A fin de sentir plenitud tiene que haber una cantidad de vacío.

Aquellas experiencias que «nos sobrepasan» aun cuando vamos a morir por la eternidad, nos hacen sentir que «fuimos». Según Spinoza es ello lo que salva el orden del mundo, valorar la experiencia de ser eternos —por instantes— aún dentro de nuestra condición mortal.

Nietzsche se expresó acerca del eterno retorno, preguntando: ¿cuáles son aquellos instantes que vivimos al punto de desear vivirlos —repetirlos— por la eternidad? Ellos son los eventos que vienen a realzar la calidad de nuestra existencia.

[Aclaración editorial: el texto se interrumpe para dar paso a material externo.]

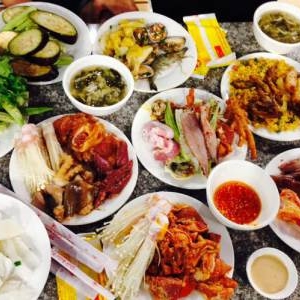 Buffet Đồ Nướng 99k.jpg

La muerte define la vida misma, es una meditación sobre la vida. No hay que entenderla de manera mortífera —decía Montaigne—, al meditar sobre la muerte profundizamos sobre la manera en la que estamos vivos. En nuestra relación al misterio palpamos la condición humana. En la sabia aceptación de aquello que no comprenderemos. En mantenernos —lo más quietos posible— frente al misterio de la muerte. Al permanecer «en la pregunta», meditar el enigma sin huir de él, ni responder —como hacen las religiones— con una posible salida a la angustia, quizá, una huida. En definitiva, para enaltecer nuestra humanidad habría que soportar la densidad, el espesor, de las preguntas, y la mayor de las preguntas es: la muerte.

Victor Hugo decía que la belleza y la muerte eran dos hermanas fecundas que portaban el mismo enigma, el mismo misterio. Al ampliar la atención a los demás —al otro—, al estar atentos a nuestro carácter mortal, cotidianamente, estamos atentos a la condición de «lo vivo».

Me pregunto, ¿qué tendrán que ver estas reflexiones sobre la muerte con lo pujante de la naturaleza en el trópico?

Quizá, asocié los apuntes de la conferencia con la agonía del país, la mengua, el desfallecimiento lento y sostenido al que un puño de personas someten a una población entera. El sentir morir un devenir digno para tantos y para sus hijos. Entonces, recuerdo, me aferro a la indómita planta en la imprenta, busco sus ramas, las hojas verdes de esperanza, pujantes. Esa naturaleza que resiste con voluntad, que retoña aún en las circunstancias más adversas. Puja: «hace fuerza para pasar adelante o proseguir una acción, procurando vencer el obstáculo que se encuentra».

Me obstino en pensar que si bien Venezuela vive una hora «oscura», angustiosa y desconcertante como la muerte; ella, la «naturaleza tropical» de sus habitantes, conserva la «claridad» de cómo éstos desean vivir. Retoñará. ¡Tanta belleza natural, tanta gente buena!, merece un mejor vivir.